RIFIFI has been called the best French crime drama ever made, and the best French film noir. When Francois Truffaut was still a film critic, he said Rififi was the best film noir he had ever seen. And although its director’s name sounds French, Jules Dassin was an American, blacklisted and forced to work in France and Europe.
This blog post is part of the Classic Movie Blog Association’s Banned and Blacklisted Blogathon.
After leaving MGM, Dassin worked with Mark Hellinger on the noir classic Brute Force, (1947) starring Burt Lancaster, Ann Blyth, Hume Cronyn, and Yvonne De Carlo. By 1949 the House Un-American Activities Committee was looking for communists in the movie business. Daryl Zanuck at Universal purposefully sent Dassin to London to work on his noir masterpiece Night and the City in 1950, where he missed being called to testify to the Committee.
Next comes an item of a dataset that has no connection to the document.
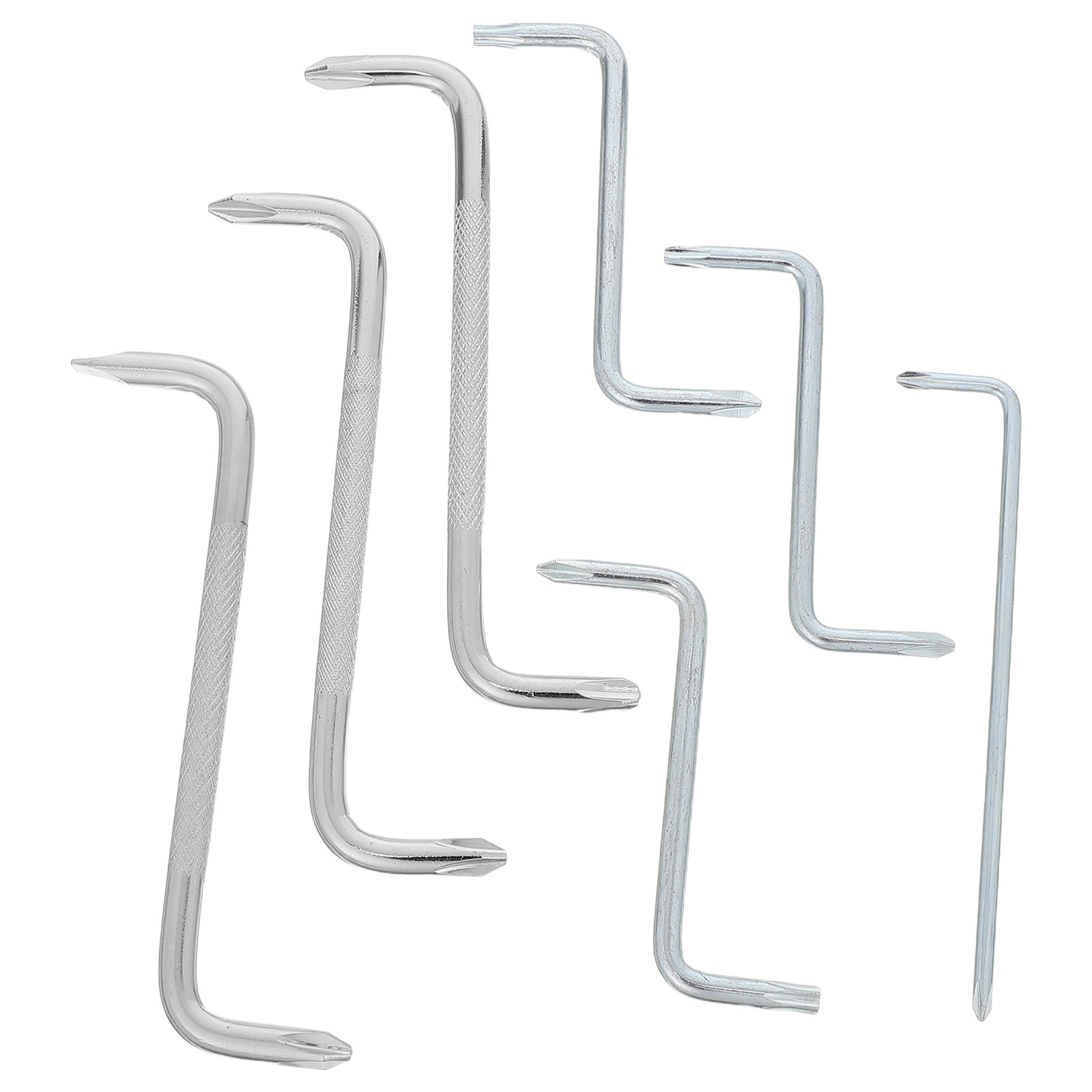 7Pcs Right Angle Screwdriver S - مراجعة Electronics Repair Degree وسعره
Nonetheless, he was named by two others as a former communist and was blacklisted. Unable to find work, he moved to France, although he could not speak French. He was set to direct a movie starring the French comedian Fernandel, titled Public Enemy No. 1, but was fired after his blacklisting caught up to him. This caused a furor in France, with French director Jacques Becker (Touchez Pas le Grisbi) leading the protest. After a rough few years, he was hired by producer Henri Berard to direct a low-budget crime drama based on the book, Du Rififi chez les Hommes (Some Wrangling Among Men), by Auguste le Breton. The story involves a jewelry heist in Paris, the dialogue heavy with French slang and underworld lingo. Dassin immediately began a script rewrite of the story, but still using le Bretton’s dialogue. Dassin made a big change, the jewelry heist caper involving a gang of professional criminals became the central scene in the movie. The heist lasted a fuIl 30 minutes, a quarter of the film’s length. If you’re thinking this sounds like the plot of Asphalt Jungle, you’re right, though Dassin said this was accidental as he hadn’t seen the film at that pont. There are several similarities, but in Rififi Dassin extracts every bit of tension and friction out of the characters and their endeavors, and in this low-budget film, he made every detail count in furthering the plot. Fortunately, he also had a superb crew, with Philippe Agostini as cinmatographer, Alexandre Trauner as Production Designer, and music by Georges Auric. The Paris setting was also key, especially with Dassin’s insistence on filming during cloudy days. He used the atmosphere of Paris as he had London in Night and the City, and New York in The Naked City, this becoming a stylistic hallmark of film noir. “I remember walking the streets of Paris and dictating to a secretary,” Dassin said. “We’ll do this scene here and this scene there. Just really improvising as we walked. When you make a picture, and you do locations, you gotta walk.”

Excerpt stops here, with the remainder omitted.